In conclusion, PPMS represents a tumor with an elusive origin, predominantly affecting female patients, with onset typically occurring in young to middle-aged individuals. Classified as a low-grade malignant or malignancy of undefined potential, PPMS commonly presents with coughing and hemoptysis as initial symptoms. Microscopically, the tumor exhibits abundant short spindle-shaped cells distributed within a mucoid matrix. Immunohistochemistry lacks specific marker expression, whereas the presence of EWSR1-CREB1 gene fusion serves as a typical molecular pathological characteristic observed in approximately 75% of cases. Surgical resection constitutes the primary treatment modality, resulting in generally favorable prognoses for patients with PPMS. Among 35 previously reported cases, metastasis occurred in 4 cases, with only 1 death, whereas the remaining patients survived.
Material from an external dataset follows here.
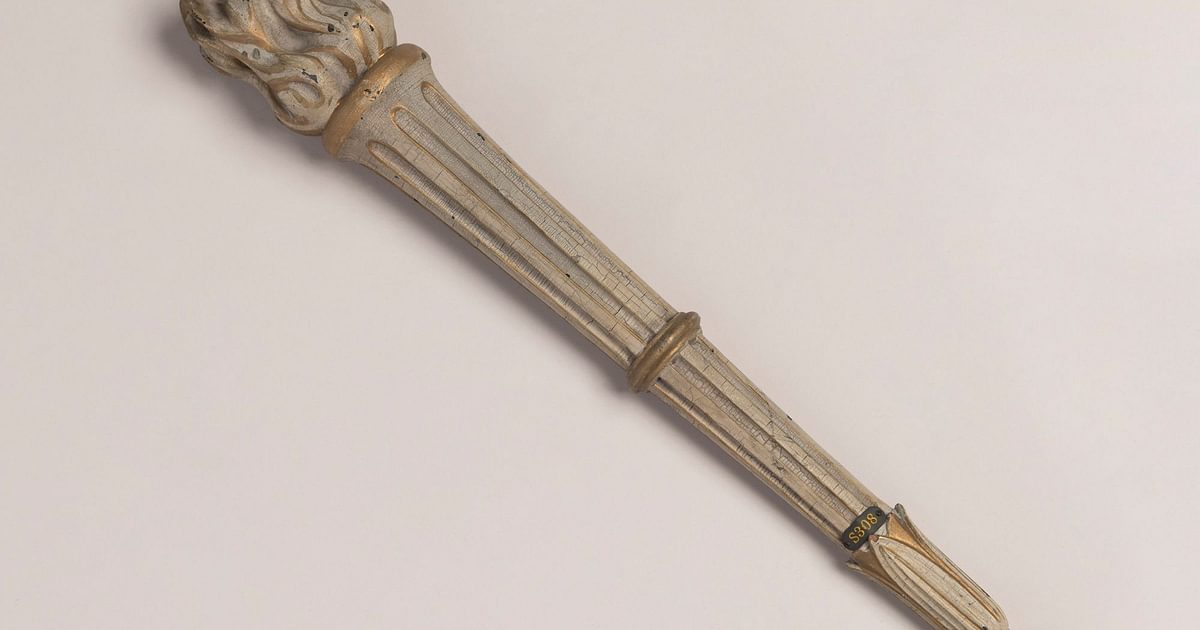 Flambeau | Musée national des beaux-arts du Québec - MNBAQ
We present the first documented case of PPMS occurring in the left lung lobe interlobar fissure, accompanied by the presence of Russell bodies in the stromal area.The presence of Russell bodies in this case report necessitates validation through extensive clinicopathological data to determine its correlation with the diagnosis and prognosis of the disease.